Mean arterial pressure intraoperatively . * Significantly different between control group and study group (P < 0.05).

Postoperatively, MAP was significantly lower in the CG on arrival to the PACU (SG: 90.5 ± 20.4 mmHg versus CG: 83.5 ± 16.3 mmHg, P = 0.024). There were no differences in MAP on discharge from PACU (SG: 90.8 ± 19.0 mmHg versus CG: 88.8 ± 19.9 mmHg, P = 0.595).

Fluids and catecholamines

Fluid balance

There were no significant differences in the net amount of fluids administered intra- and postoperatively. Also, urine output and blood loss did not differ between the groups. Values are given in Table 2.
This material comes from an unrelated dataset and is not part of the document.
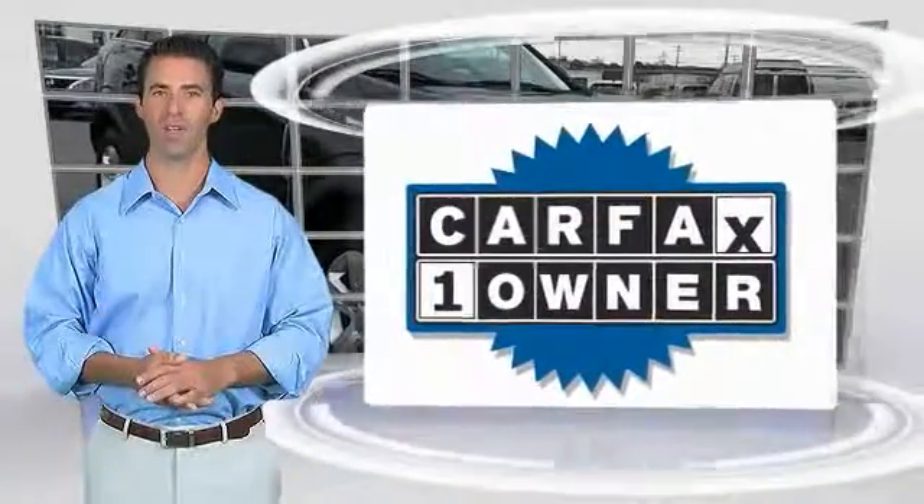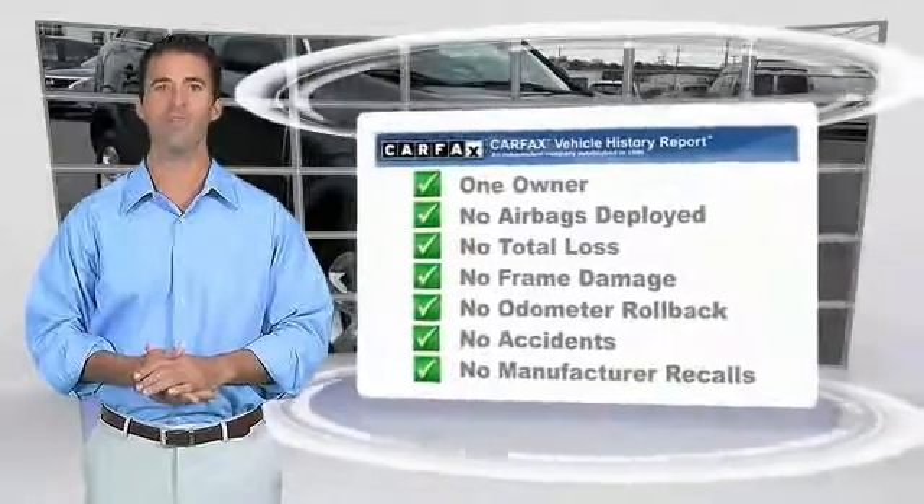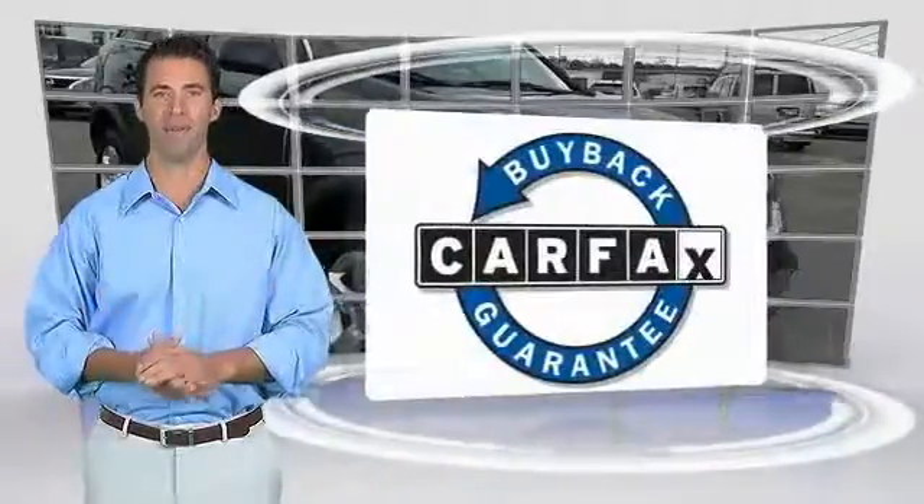This is a one-owner vehicle with a Carfax vehicle history report. Be sure to find a complimentary copy of this report online or contact the dealership. This vehicle qualifies for the Carfax buyback guarantee.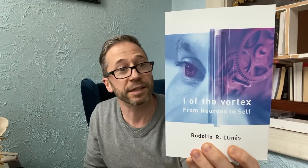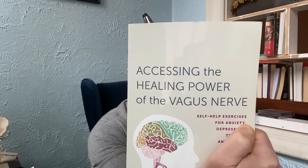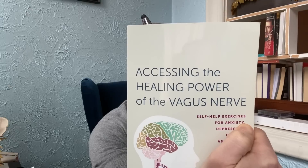I've had the chance to do a little bit of reading recently, and I have two great books. One is Eye of the Vortex by Rodolfo Linus. Not talking about this one today, but if you're interested in consciousness and the self, it's a really cool book. But the other one I just got, and it's really fascinating because it's called Accessing the Healing Power of the Vagus Nerve.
Table 2 Fluids intra- and postoperatively

Vasopressors and inotropes

As listed in Table 3, the number of patients receiving vasopressors was equal between the two groups (SG: 42 patients versus CG: 42 patients, P = 0.994), 33 patients in the SG received inotropes during surgery, compared to none in the CG (P < 0.001). Few patients required vasopressors postoperatively with no significant difference between the two groups (SG: five patients versus CG: 9 patients, P = 0.502). None of the patients received inotropes after the end of surgery.

Table 3 Use of inotropes and vasopressors

Oxygenation

There were no differences in peripheral oxygen saturation between the two groups before surgery (SG: 98.2 ± 1.5% versus CG: 98.1 ± 2.7%, P = 0.307), at the end of surgery (SG: 98.2 ± 1.9% versus CG: 98.4 ± 2.1%, P = 0.126) and at discharge from recovery (SG: 96.7 ± 2.8% versus CG: 97.1 ± 2.5%, P = 0.440). Also, central venous saturation did not show any statistically significant difference before surgery (SG: 82.2 ± 8.4 versus CG: 82.8 ± 7.1%, P = 0.649), at the end of surgery (SG: 80.9 ± 7.9 versus CG: 80.9 ± 8.0, P = 0.977) and on discharge from the PACU (SG: 73.2 ± 8.9 versus CG: 73.0 ± 7.3, P = 0.905).

Complications

The overall number of complications was significantly lower in the SG (52 complications versus 72 complications, P = 0.038), as illustrated in Figure 3a. Further, there was a significant difference in the total number of patients with complications. In the SG, 21 (26.6%) patients had at least one complication, compared to 36 (44.4%) in the CG (P = 0.028), as depicted in Figure 3b.

Figure 3
figure 3

Postoperative complications. a) number of complications. b) number of patients with complications. * Significantly different between control group and study group (P < 0.05).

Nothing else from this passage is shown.